▶ **Brief descriptive captions**

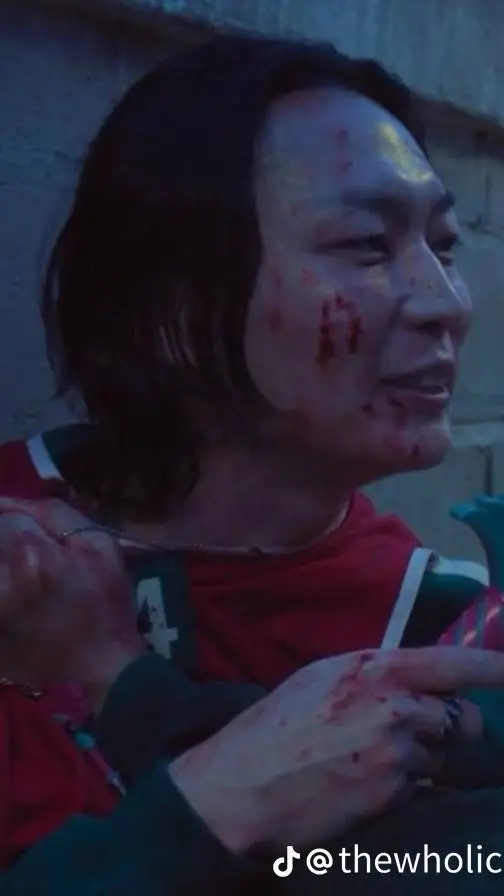 ai character: Namgyu😛 background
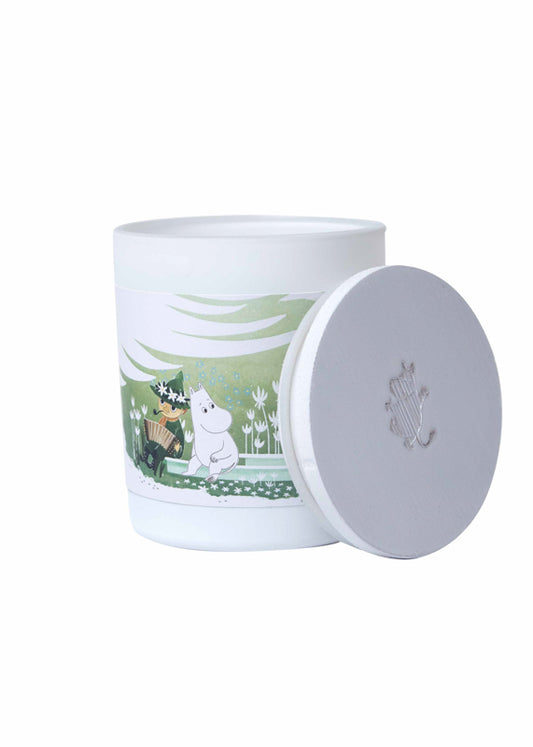 Moomin Scented Candle - Friends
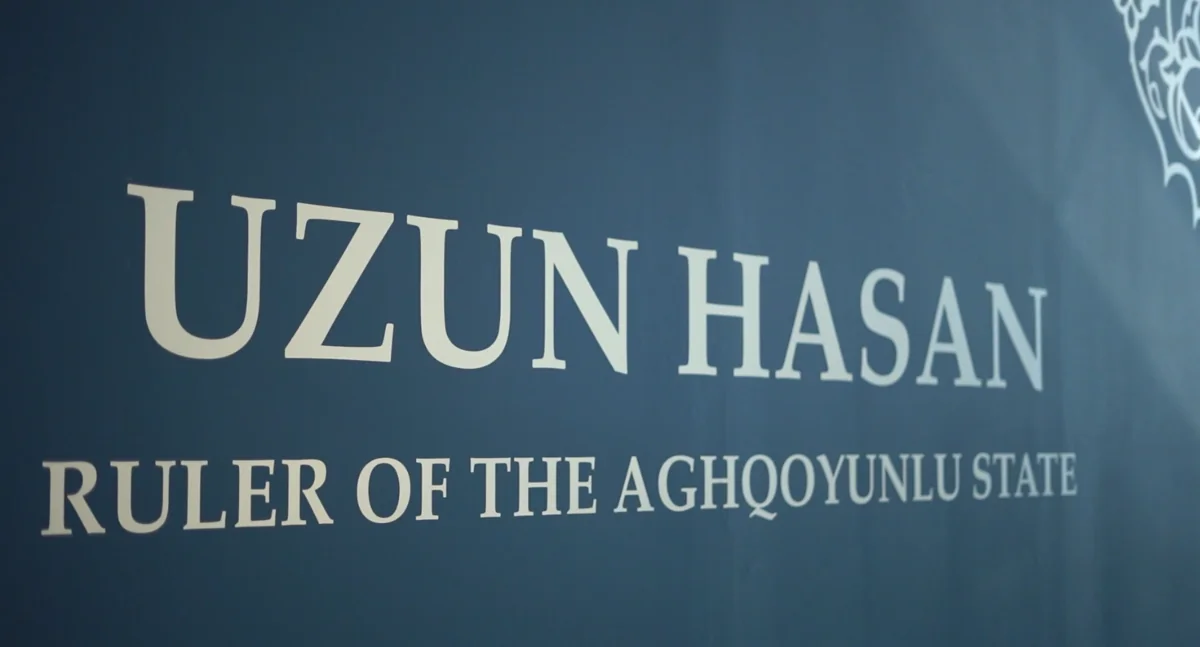 Uzun Həsənə həsr olunan nadir eksponatlar İstanbuldan Heydər Əliyev Mərkəzinə gətirilir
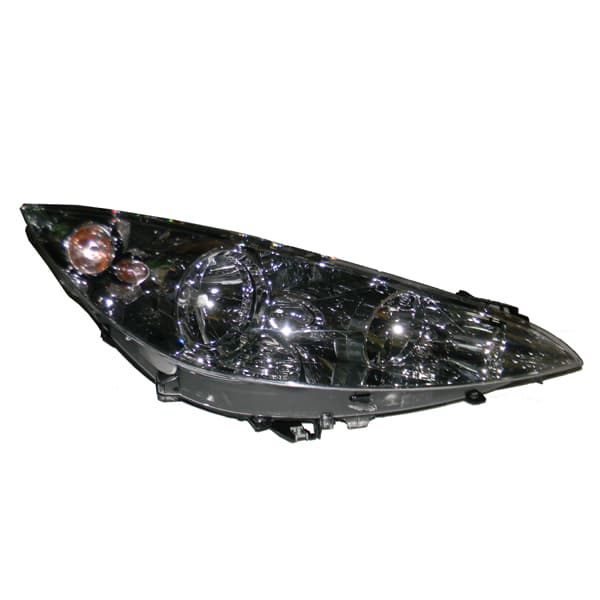 Optica der original 408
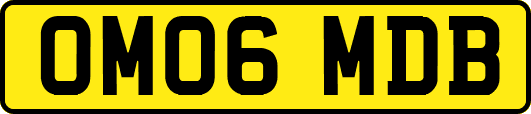 OM06MDB
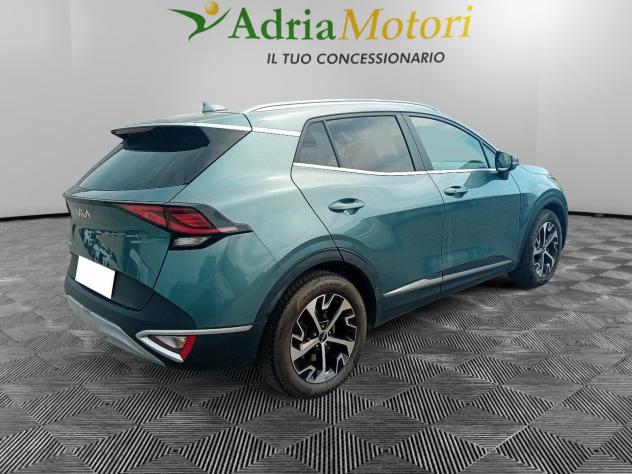 Kia Sportage 1.6 CRDI MHEV STYLE 2WD DCT - Foto 5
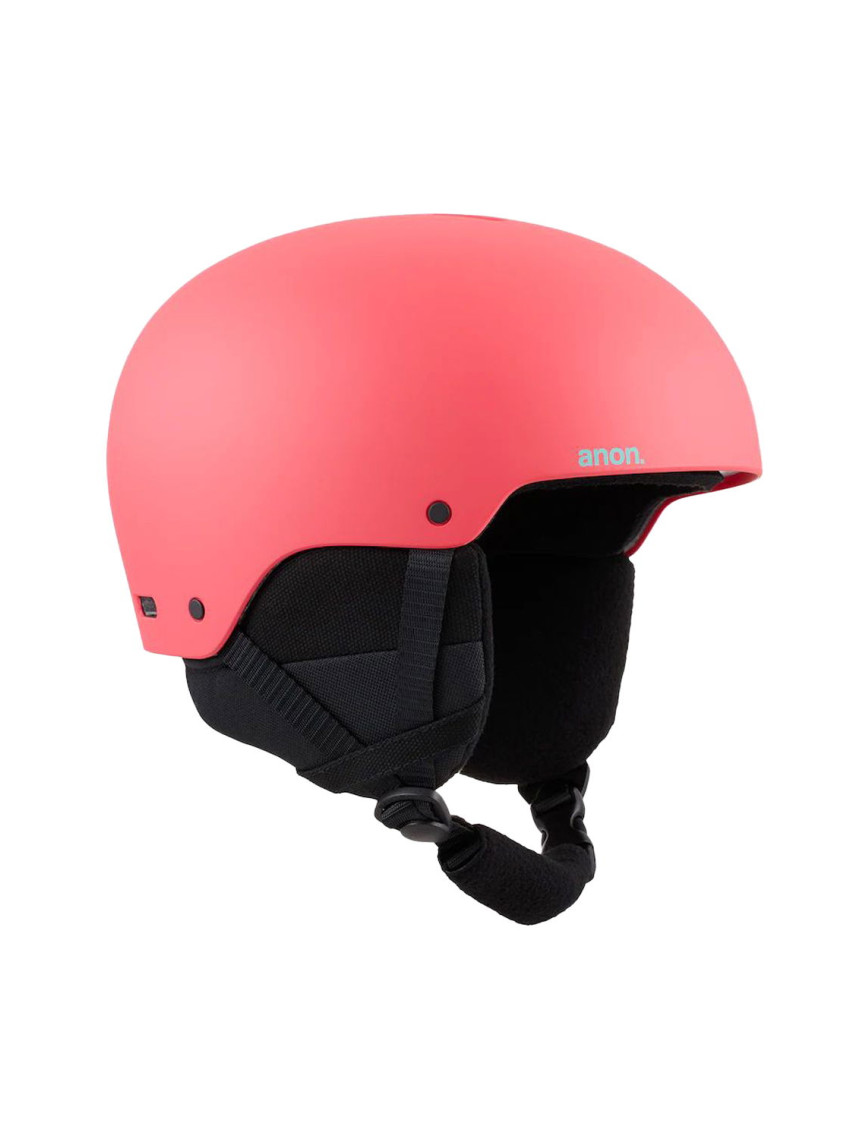 Anon Raider 3 Unisex Mavi Kask Anon Raider 3 Unisex Mavi Kask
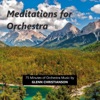 Glenn Christianson - Meditation on God's Invitation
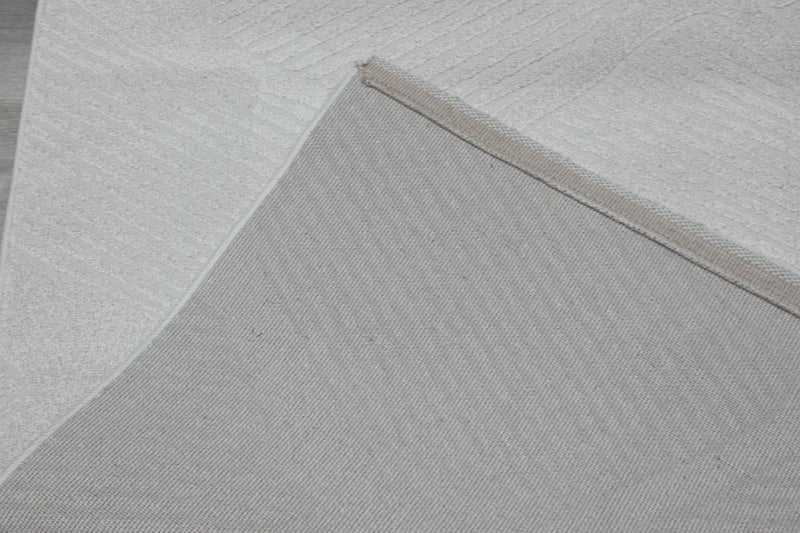 Modern Luxurious Textured Trentino Rug Size: 160x230cm (41081-6161) Carousel 9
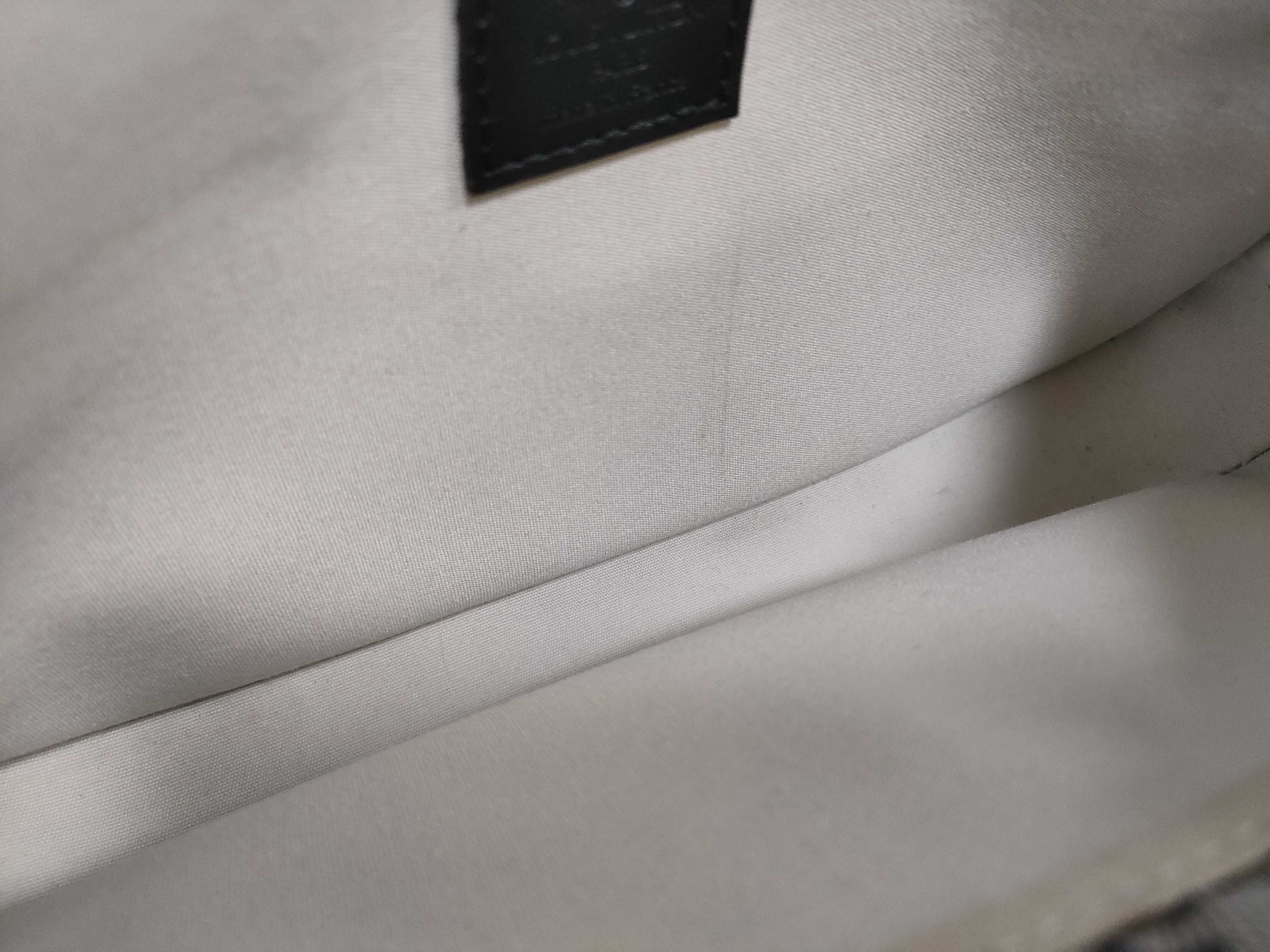 Marjorie Monogram Handbag Shoulder Bag — view 8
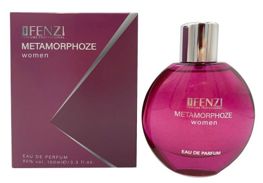 JFenzi Metamorphoze for Women woda perfumowana 100 ml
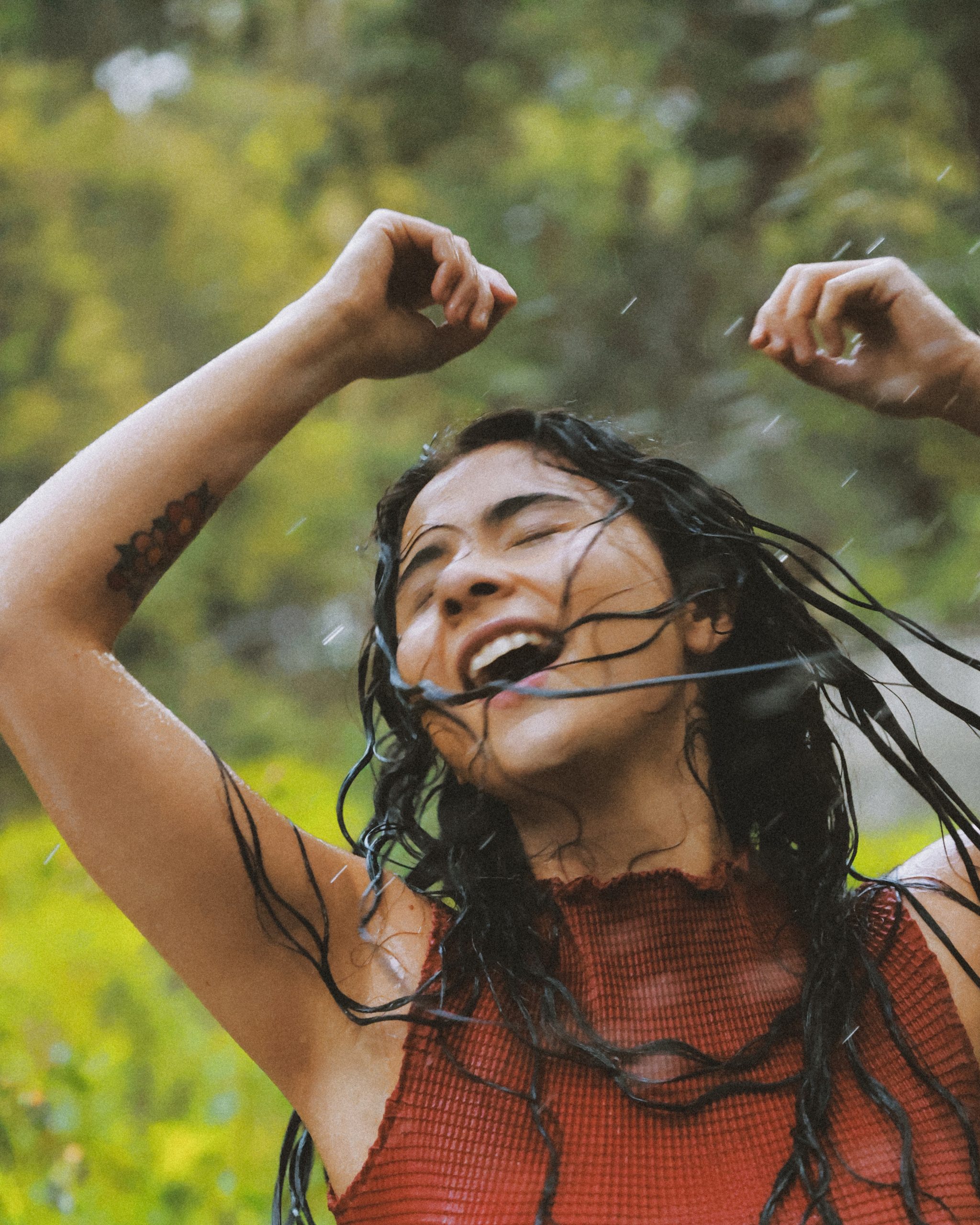 Silvana Estrada in 2025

▶ **EXERCISE REQUIREMENTS**
The range to print runs from the line with "Marjorie Monogram Handbag" through the last line of the entries, both included; keep it exact and skip the pictures.

▶ **EXERCISE OUTPUT**
 Marjorie Monogram Handbag Shoulder Bag — view 8
 JFenzi Metamorphoze for Women woda perfumowana 100 ml
 Silvana Estrada in 2025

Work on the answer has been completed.